In the book of Ephesians, Paul instructs us about this battle.
11 Put on the whole armor of God, that you may be able to stand against the schemes of the devil. 12 For we do not wrestle against flesh and blood, but against the rulers, against the authorities, against the cosmic powers over this present darkness, against the spiritual forces of evil in the heavenly places. 13 Therefore take up the whole armor of God, that you may be able to withstand in the evil day, and having done all, to stand firm. 14 Stand therefore, having fastened on the belt of truth, and having put on the breastplate of righteousness, 15 and, as shoes for your feet, having put on the readiness given by the gospel of peace. 16 In all circumstances take up the shield of faith, with which you can extinguish all the flaming darts of the evil one; 17 and take the helmet of salvation, and the sword of the Spirit, which is the word of God, 18 praying at all times in the Spirit, with all prayer and supplication. To that end keep alert with all perseverance, making supplication for all the saints, 19 and also for me, that words may be given to me in opening my mouth boldly to proclaim the mystery of the gospel, 20 for which I am an ambassador in chains, that I may declare it boldly, as I ought to speak.

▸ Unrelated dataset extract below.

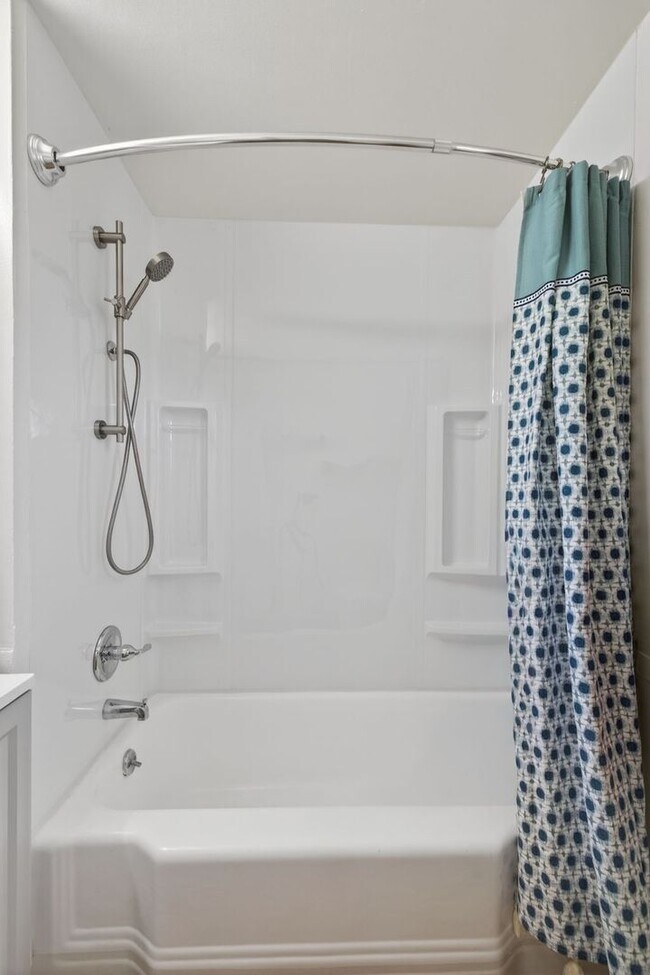 Building Photo - Welcome to Reno Nevada’s Biggest Little BnB !!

We need to know whom we are wrestling with. This is not a benign threat, nor a mere warning of what may be. This is a full-fledged attack, with a draft into the Lord's army.

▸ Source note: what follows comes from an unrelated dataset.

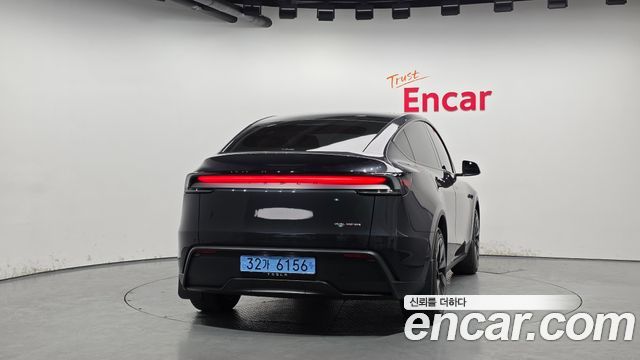 Tesla Model Y Long Range AWD 2025 — фото 4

What would it look like for your ministry if you realized you are in the midst of war? A wartime mentality, while taken too far can be weird, taken too lightly can be disastrous. There is a real war going on, and if you are a Christian serving in ministry, you are an officer with a bounty on your head. The enemy wants you dead, and he'll go to any lengths to make sure he succeeds.
But he can't succeed. He's already lost the war. This doesn't mean we can underestimate him now, or take him lightly. He still has his flaming darts, and he's a good shot. But he can't ultimately defeat you, because he has already been ultimately defeated.

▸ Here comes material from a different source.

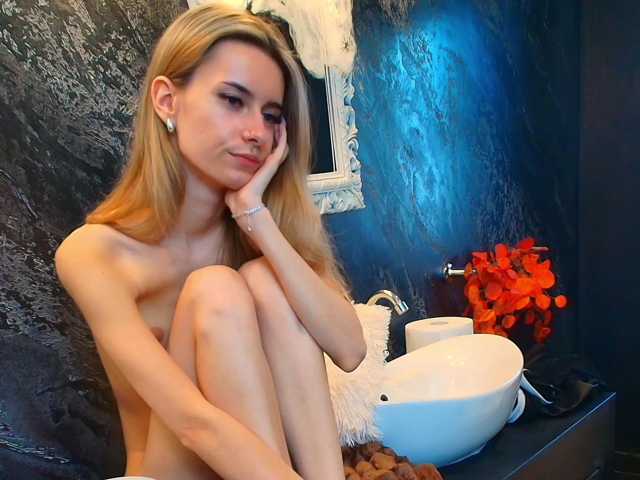 RoxanneJoy live cam on BongaCams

He thought he won at the cross. As Jesus hung there in agony and frailty, he rejoiced as only evil can. His hellish laughter rose to its pinnacle as the spear entered the side of the Savior. His devilish pride ascended above the cross to look down upon his defeated foe. He walked away with a smile on his face, and a pep in his step - all the way into the empty grave, upon where he realized with horror his utter defeat. The cross was his shining triumph, but it was also his staggering downfall
We cannot even agree on the meaning of days anymore. That first Friday was not good. It only became good because Sunday followed. Our enemy sees it the other way. We are utterly opposed to one another. There is no hope of restoration. He’s made up his mind. God must go. But he won’t. He can’t. He’s the victor, and victors don’t give up their kingdom.
Now we are the ambassadors of the King. We are sent out to proclaim this good news of the victory of Jesus on the cross. But we do so not as proud soldiers in that heavenly war. We were not there to take up our swords. We were on the ground, rebelling against God right along with our enemy, because we too are the enemy. Our own hearts have rejected God. And the cross was our defeat as well, if we’ll have it.
The difference between the enemy of God and the friend of God is the difference between humbling ourselves at the foot of the cross and propping ourselves up on his throne. The glory of the gospel is that Jesus didn’t kill us at first sight. Instead, he yielded his throne for a manger. He traded his crown for a cross. He laid down his shield and let the flaming darts penetrate deep inside his body – all the way to death. He let us, and Satan, kill him, because it was the only way to save us.
So as Hellish Friday turned into Good Friday as morning rose on Sunday, those in Christ went from citizens of the underworld to citizens of heaven as quickly as the sun turned night into day. The Savior walked out of the grave and defeated his challengers by the power of an indestructible life. He could die yes, but he could not stay dead. And that makes all the difference.
You can’t keep a good man down. But our enemy doesn’t see this yet. So he fights on. Now he attacks the King’s ambassadors. We must pray for them, for they are our brothers and sisters – they are us. We must take up the belt of truth, the breastplate of righteousness, the gospel of peace, the shield of faith, the helmet of salvation, and the sword of the Spirit. Under that protection – His protection – we cannot fall. We have become good men through the Good Man’s death and resurrection.